■ Problem details:
Below is a listing; retype exactly the lines between the one containing "Perła uwarzyła piwo" and the one containing "Lunchbox #8 –", inclusive, minus the pictures.

─── Information provided

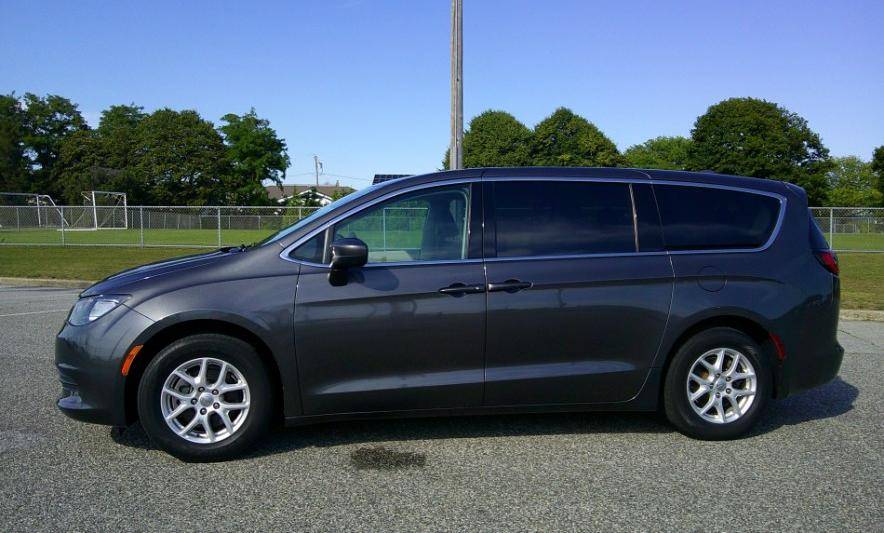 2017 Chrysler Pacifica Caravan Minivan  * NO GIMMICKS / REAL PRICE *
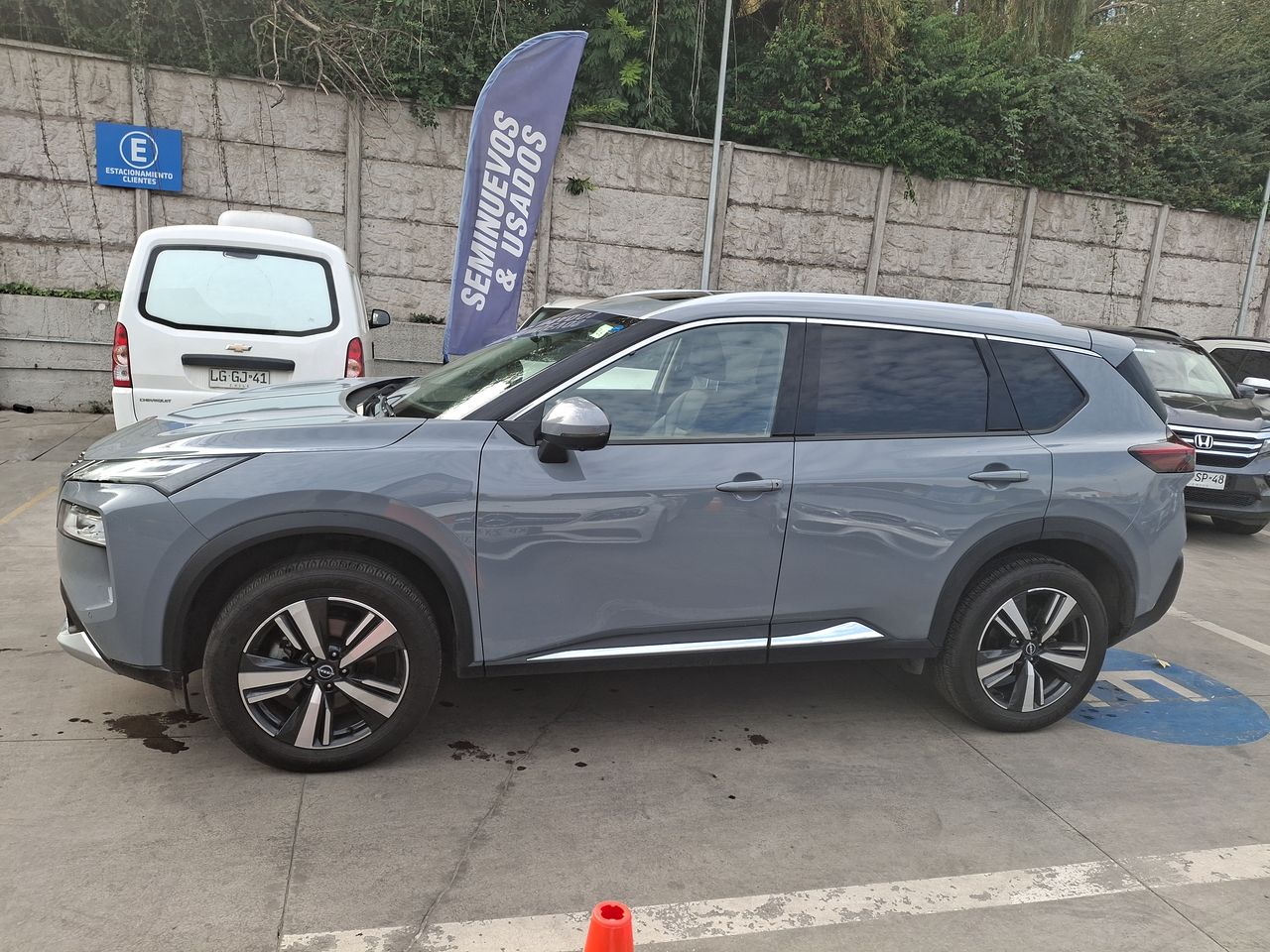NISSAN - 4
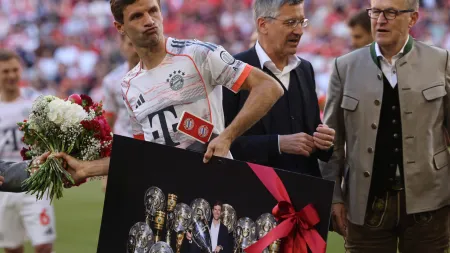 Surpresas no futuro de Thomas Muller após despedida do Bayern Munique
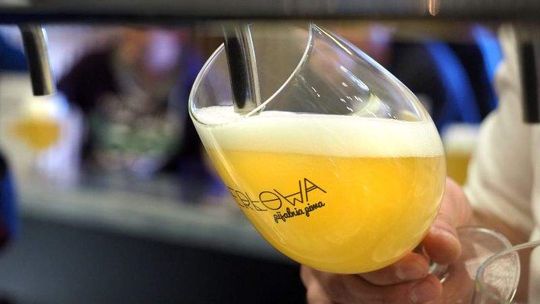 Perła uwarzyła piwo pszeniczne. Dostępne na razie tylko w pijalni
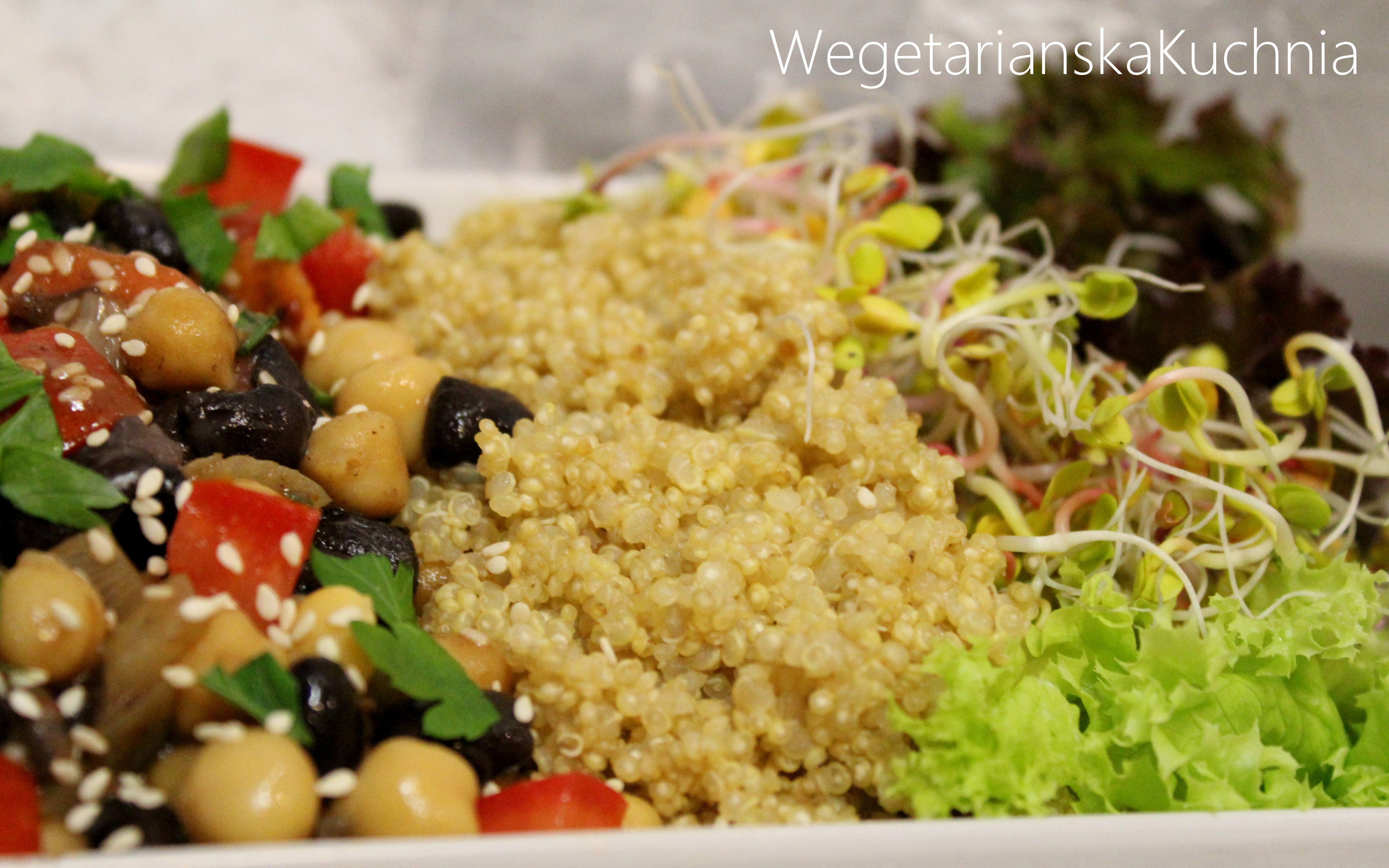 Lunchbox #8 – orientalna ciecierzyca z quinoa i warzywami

──────
─── Information provided

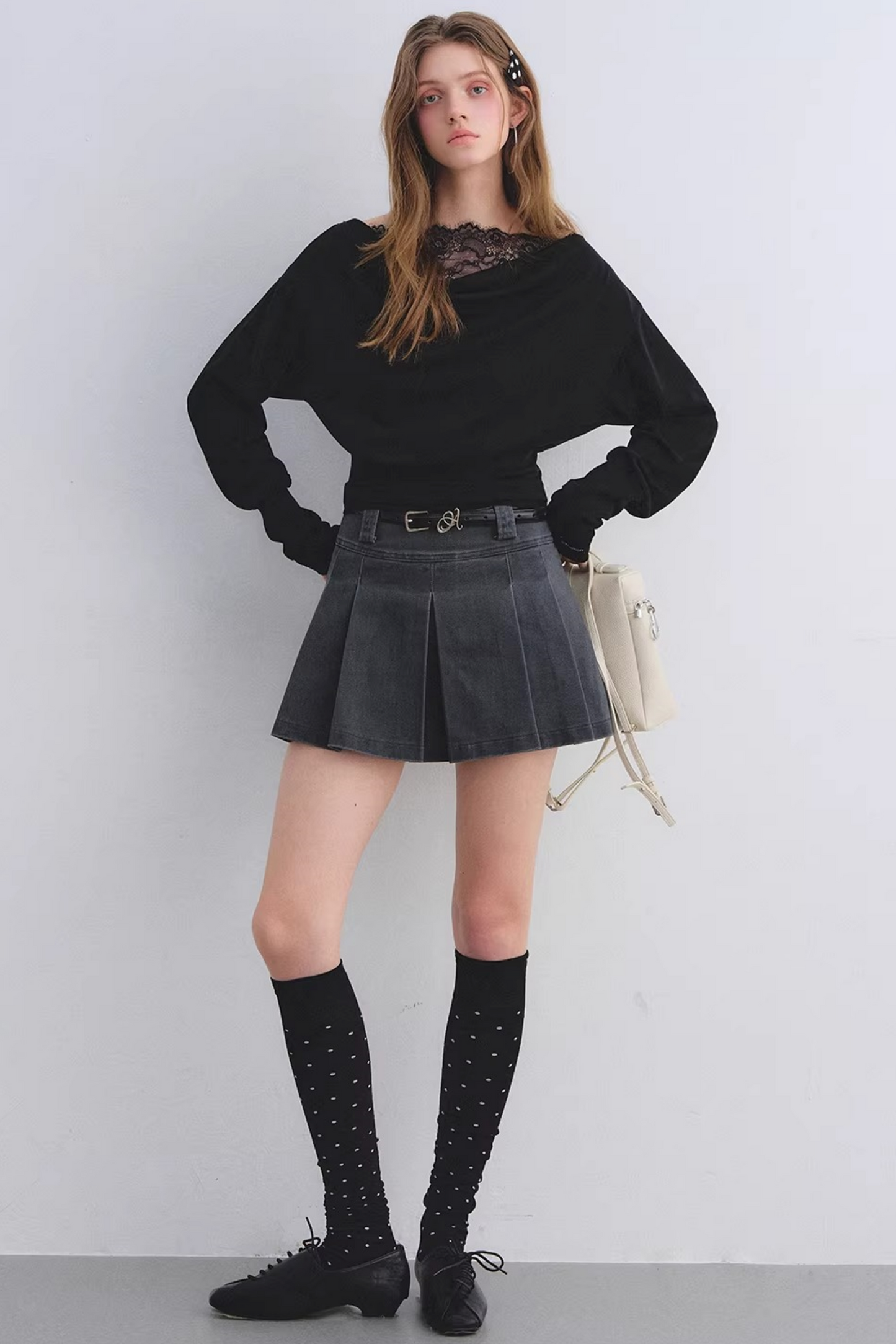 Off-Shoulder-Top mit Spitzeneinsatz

──────
─── Information provided

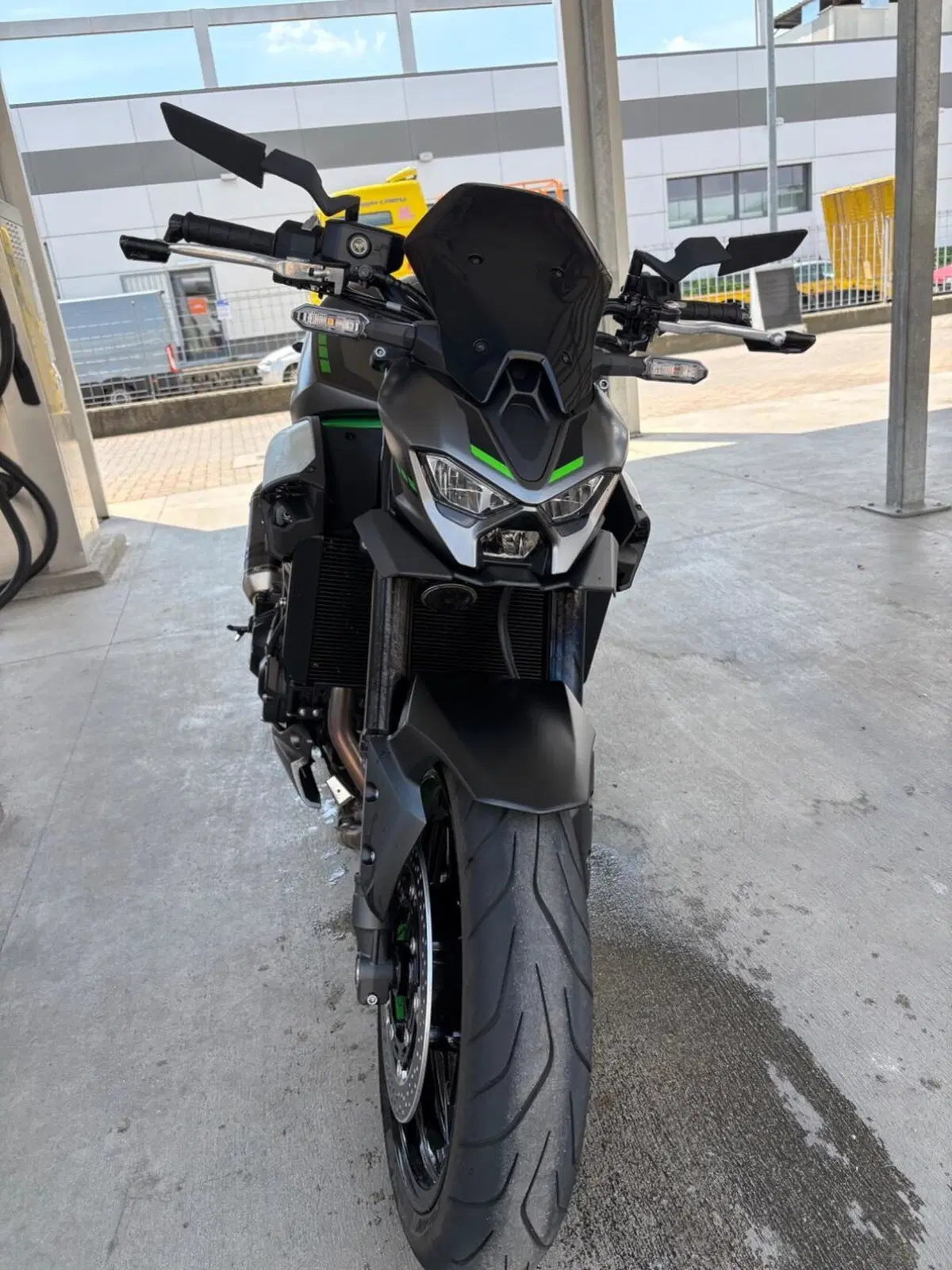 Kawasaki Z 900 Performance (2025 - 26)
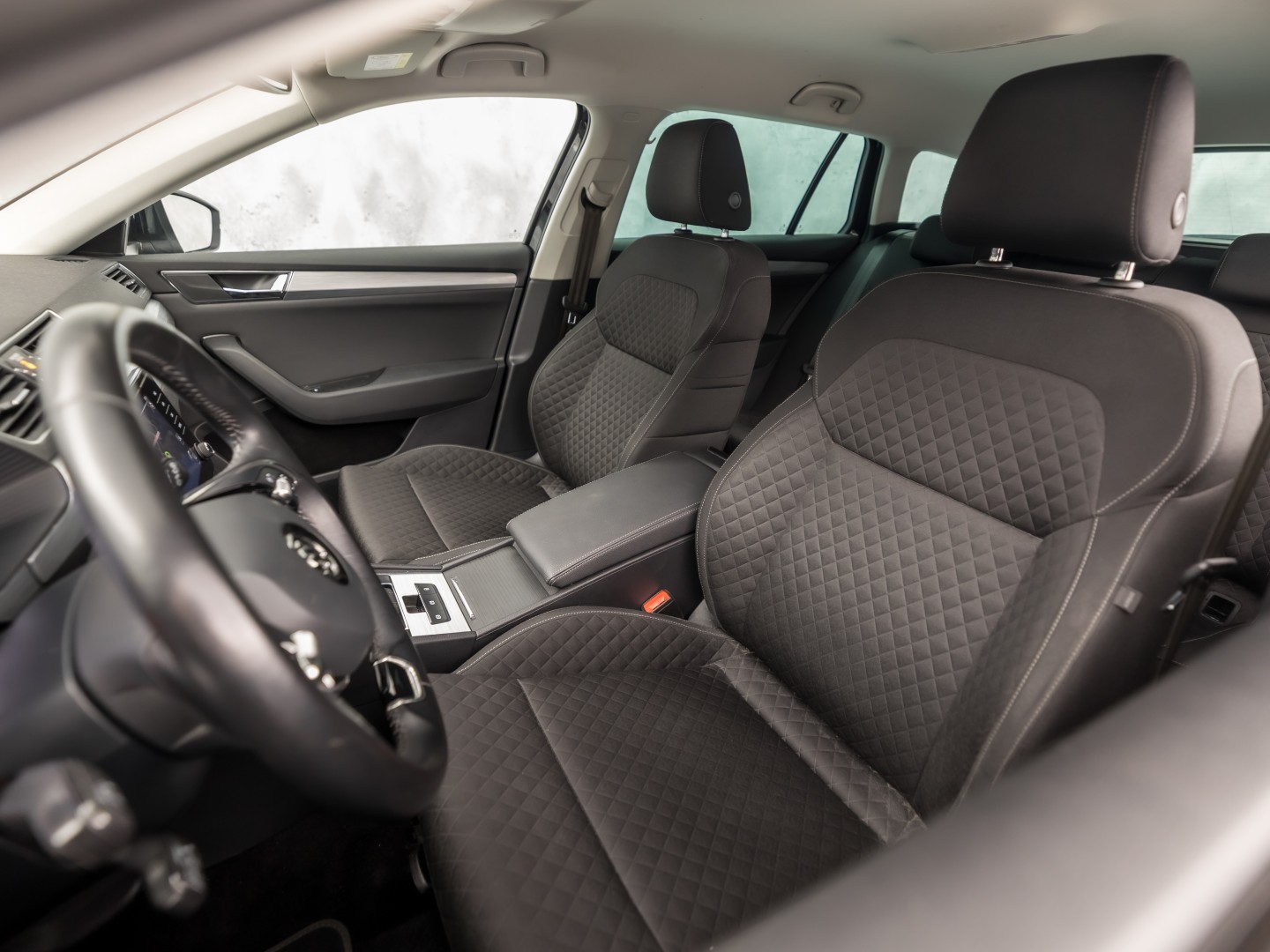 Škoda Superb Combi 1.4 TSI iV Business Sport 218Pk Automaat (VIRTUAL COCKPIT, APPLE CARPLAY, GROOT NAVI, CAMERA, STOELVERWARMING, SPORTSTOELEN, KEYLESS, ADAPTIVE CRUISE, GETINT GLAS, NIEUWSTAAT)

──────

■ Exercise output:
 Perła uwarzyła piwo pszeniczne. Dostępne na razie tylko w pijalni
 Lunchbox #8 – orientalna ciecierzyca z quinoa i warzywami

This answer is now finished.